The GitHub-recommended security configuration is a collection of enablement settings for GitHub's security features that is created and maintained by subject matter experts at GitHub. The GitHub-recommended security configuration is designed to successfully reduce the security risks for low- and high-impact repositories. We recommend you apply this configuration to all the repositories in your organization.
Refer to the link for more information. About the GitHub-recommended security configuration
In this task, you will configure and apply security settings across all repositories within an organization.
-
On the Home page, click on your profile icon in the top right corner.
-
Select Your organizations from the dropdown menu.
-
Choose ghas-bootcamp-xxxx-xx-xx-cloudlabsxxx from the list of organizations.
-
Navigate to the repository and click on the Settings tab.
-
In the Settings menu, click-on Configurations under Code Security under Security section.
-
Click on Apply to and select All repositories to apply the configuration.
-
Click on Apply to confirm the configuration changes, when the prompt appears.
Note: If the configuration fails for any of the repositories, it could be due to the existing advanced setup.
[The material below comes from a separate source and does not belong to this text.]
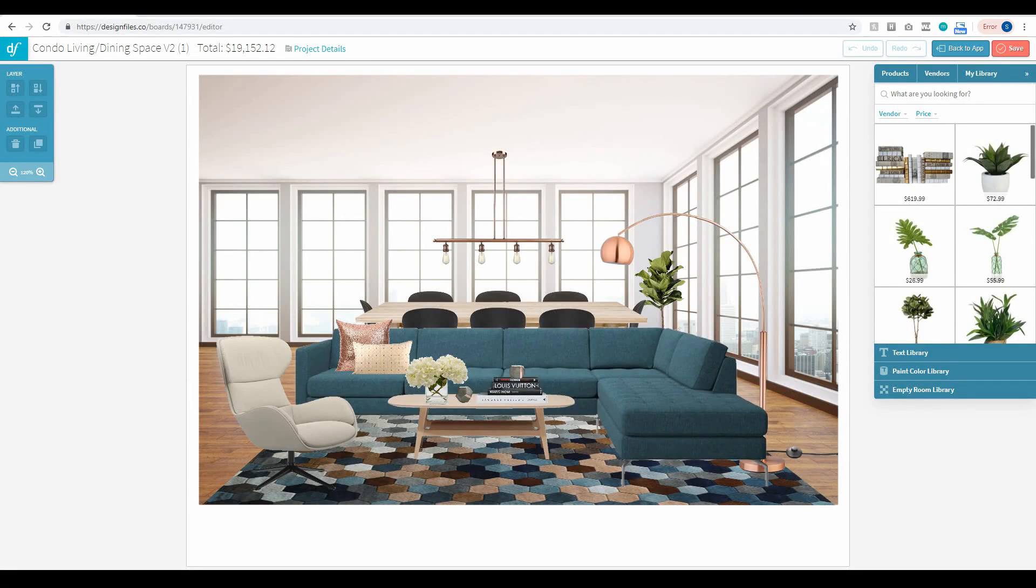Hey folks, Sheila here from Design Files. I just wanted to put together a really quick video to show you one of the latest updates that we've made.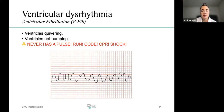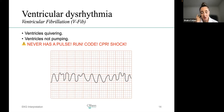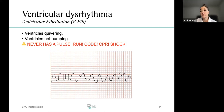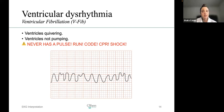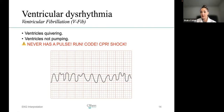Ventricular fibrillation (V-fib) — not good at all. The ventricles are quivering, which is extremely dangerous because the ventricles are in charge of pumping blood to the rest of the body. If the ventricles are not working, the body is not receiving blood. There will be no pulse — run a code: CPR, shock. Looking at the strip, it tells you nothing. There is no P, no QRS, no T wave — just a scribble. Something is happening, but there are no recognizable waveforms.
Note: Follow the steps below for the repositories where the configuration is failed.
-
Now navigate to that repository for which the configuration is getting failed.
-
From left pane select Code security, and under Code scanning , click on setup and select Default.
-
On the CodeQL default configuration pop up , click on Enable CodeQL
-
Again perform step 1 to 7 to apply configurations for all the repositories.
-
Navigate to your repository.
-
Click on the Settings icon
-
In the left sidebar, find and click on Code security.
-
Under this section, look for Code scanning.
-
Locate the Copilot Autofix option.
-
Ensure that the toggle is set to Enabled. If it’s not, click to enable it.
- Create a new file in the repository ghas-bootcamp-python
- Click on the Add file button and select Create new file.
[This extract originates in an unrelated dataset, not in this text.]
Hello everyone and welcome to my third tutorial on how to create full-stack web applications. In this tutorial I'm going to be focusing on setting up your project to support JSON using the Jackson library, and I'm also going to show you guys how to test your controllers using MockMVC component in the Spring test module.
- Name your file (e.g., app.py).
- Copy and paste the below code:
In the new file, write the code that includes potential security vulnerabilities. For example, you can use the following code snippet: Python
from flask import Flask, request
import sqlite3
import os
app = Flask(__name__)
def init_db():
conn = sqlite3.connect(':memory:')
cursor = conn.cursor()
cursor.execute("CREATE TABLE user (id INTEGER PRIMARY KEY, name TEXT)")
cursor.execute("INSERT INTO user (name) VALUES ('Alice')")
cursor.execute("INSERT INTO user (name) VALUES ('Bob')")
conn.commit()
return conn
conn = init_db()
@app.route('/user')
def get_user():
user_id = request.args.get('id')
cursor = conn.cursor()
# Introducing SQL Injection vulnerability
cursor.execute(f"SELECT name FROM user WHERE id = {user_id}")
user = cursor.fetchone()
if user:
return f"User: {user[0]}"
else:
return "User not found", 404
if __name__ == '__main__':
debug_mode = os.getenv('FLASK_DEBUG', 'False').lower() in ['true', '1', 't']
app.run(debug=debug_mode)
-
Commit the changes:
- Scroll down to the Commit new file section.
- Add a commit message describing the changes (e.g., “Add app.py with potential SQL Injection vulnerability”).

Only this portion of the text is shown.